ものづくりやシルバーアクセサリー製作が好き

彫金師を目指す人の志望動機として多いのは「ものづくりが好き」「手に職をつけたい」という内容です。

ファッションとしてのシルバーアクセサリーに魅力を感じ、自分でも作ってみたいという気持ちが原点になっているケースが目立ちます。

もともと趣味でアクセサリー製作を行っていた人が、もっとこの世界で技術を究めていきたいと思うようになり、職業として彫金師を志すこともあります。

このように、目指すきっかけはさまざまですが、一人前になるのは簡単ではなく、職人の世界ならではの厳しさを乗り越える覚悟が求められます。

彫金師の雇用形態・働き方

見習い時代は非正規として働くことも多い

彫金師の働き方は、勤務する職場の種類によっても異なります。

アクセサリーメーカーなどに就職する場合は、正社員として雇用されるほか、アルバイト・パートなどで働く人がいます。

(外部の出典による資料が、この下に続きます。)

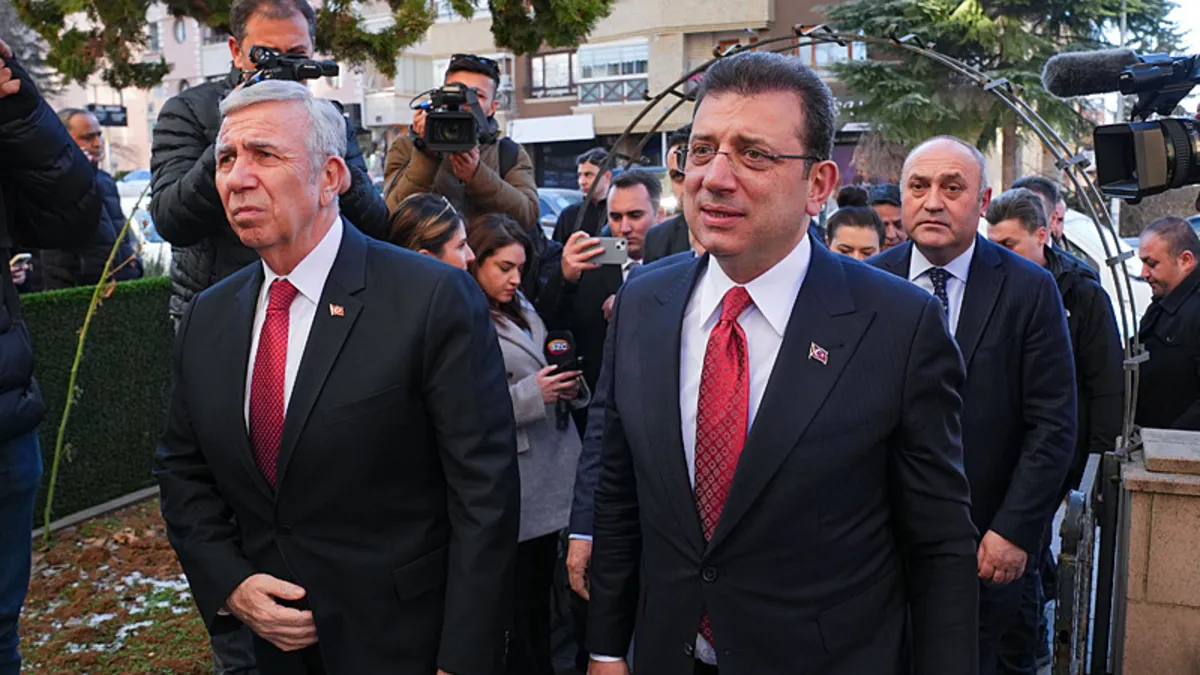 Mansur Yavaş'tan İmamoğlu'na rest: Diğer seçenekler her zaman gündemde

一方、伝統工芸の職人の世界ならではの、師匠に弟子入りする形をとる場合、実質的には非正規で働くことが多いです。

待遇は企業勤めの人のように安定していないことが多く、人によっては「勉強させてもらう」意識で、無給に近い状態で修業を積むこともあります。

一般企業のような福利厚生もほとんどない場合がめずらしくないため、その点は事前に確認しておくほうがよいでしょう。

彫金師の勤務時間・休日・生活

見習い時代から忙しく働く人が多い

宝飾メーカーの製作部門に正社員として就職した場合は、土日祝を休みとする週休1~2日制で、1日8時間労働が基本になります。

夏季や年末年始、有給などの休暇も定められていますが、実際には残業や休日出勤も多いでしょう。

一般的には研磨作業を3年間担当したあと修理部門に配属になるなど、ジュエリー製作がひととおりできるようになるまでには10年かかるといわれます。

それも毎日8時間、製作に従事した場合ですから、現実的には休みなく彫金作業を行うことが多いでしょう。

彫金工房に勤めるか、彫金師に弟子入りした場合も、勤務時間や休日は決まっていても彫金に明け暮れる毎日でしょう。

独立してアーティストとして活躍する人は展覧会などを行うこともあります。

また彫金教室を運営したり、指導者として勤務したりと、活動内容によって勤務時間や生活スタイルは変わってきます。

彫金師の求人・就職状況・需要

求人は少なめで、不安定な働き方になることも

彫金師として活躍するためには長い年月をかけて経験を積む必要があるため、彫金工房や宝石メーカーに就職することで、少しずつ仕事に慣れていけます。

しかしながら、業界全体として求人自体が極めて少ないのが実情です。

個人の彫金師のもとにアシスタントとして弟子入りする人もいますが、よいタイミングで求人が出るとは限りません。

彫金工房や彫金師のもとで見習いをする場合は、おおむねアルバイトから始まり、待遇はあまり恵まれていません。

宝石メーカーの場合は、彫金師の募集は少なく、デザインを含めたジュエリー製作全般の求人が多くなっています。

その場合の雇用形態は正社員、契約社員、アルバイトとさまざまです。

コンテストに入選するなど実績が認められると、フリーランスの作家として独立開業する人もいます。

最近ではシルバーアクセサリーのアーティストとしてインターネットなどを活用して自ら販売することから活動を始める若手の彫金師が増加しています。